A ideia mata o provincianismo instalado. Uma direção não deve ser um grupo de amigos, mas sim formada por profissionais competentes nas suas áreas e com valências complementares. Tal como uma equipa técnica não pode reunir apenas velhos conhecidos, todos têm de acrescentar algo.

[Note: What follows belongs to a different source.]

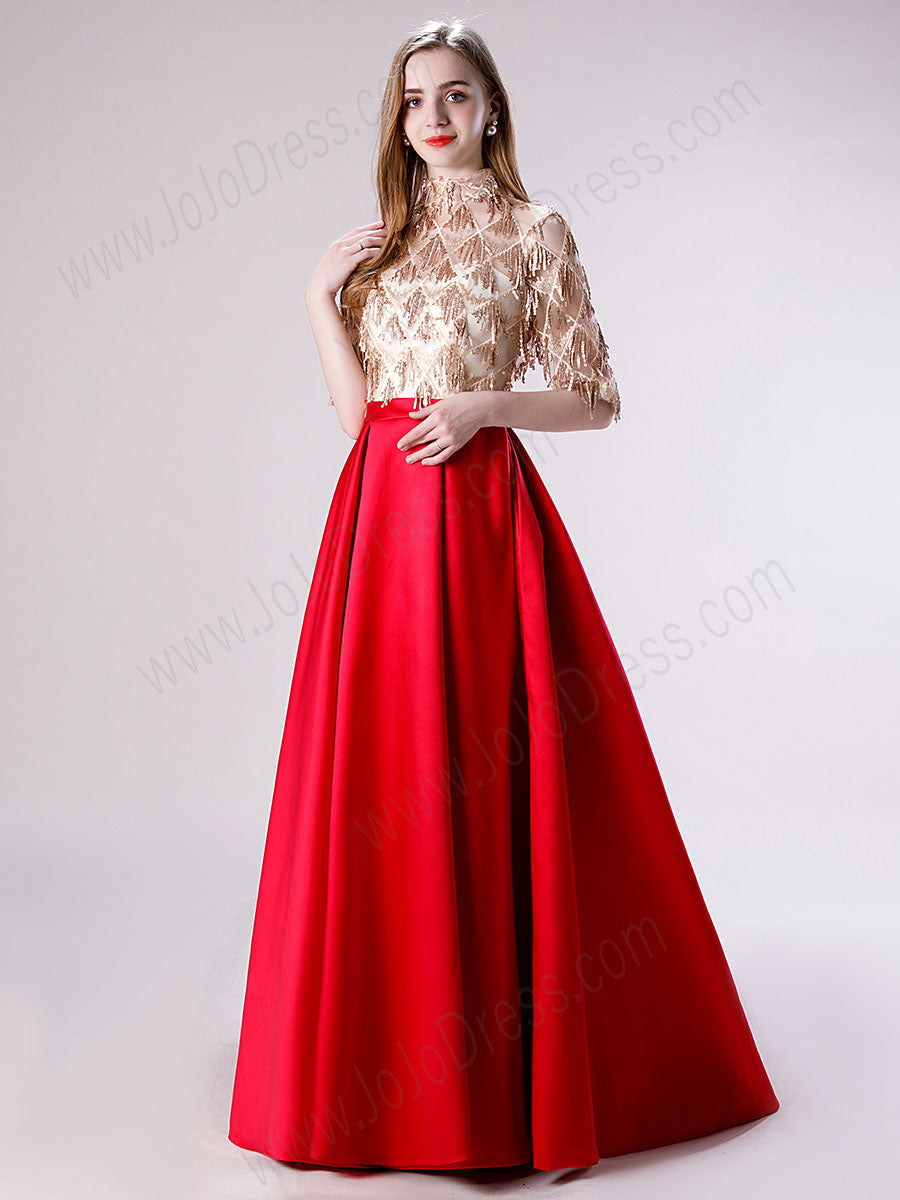 red prom dress with gold jewelry Burgundy Gold Applique Sweetheart Elastic Satin Prom Dress with High Slit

Quando se aborda a questão do mercado de transferências, para mim essencial na avaliação de Schmidt nesta segunda temporada, há duas ideias que não podem entrar em conflito: a política do clube e a ideia de jogo. Se um emblema tem de contratar para maturar e vender, irá naturalmente à procura de talento rentável, que pode não ser aquele mais enquadrável no modelo. Se não o for, fica desde logo com menor potencial de rentabilização. Enzo Fernández funcionou porque tinha as características certas para o que o técnico pretendia. Ou seja, mais do que comprar por comprar, o Benfica terá sempre de ser mais seletivo para encontrar o melhor dos dois mundos.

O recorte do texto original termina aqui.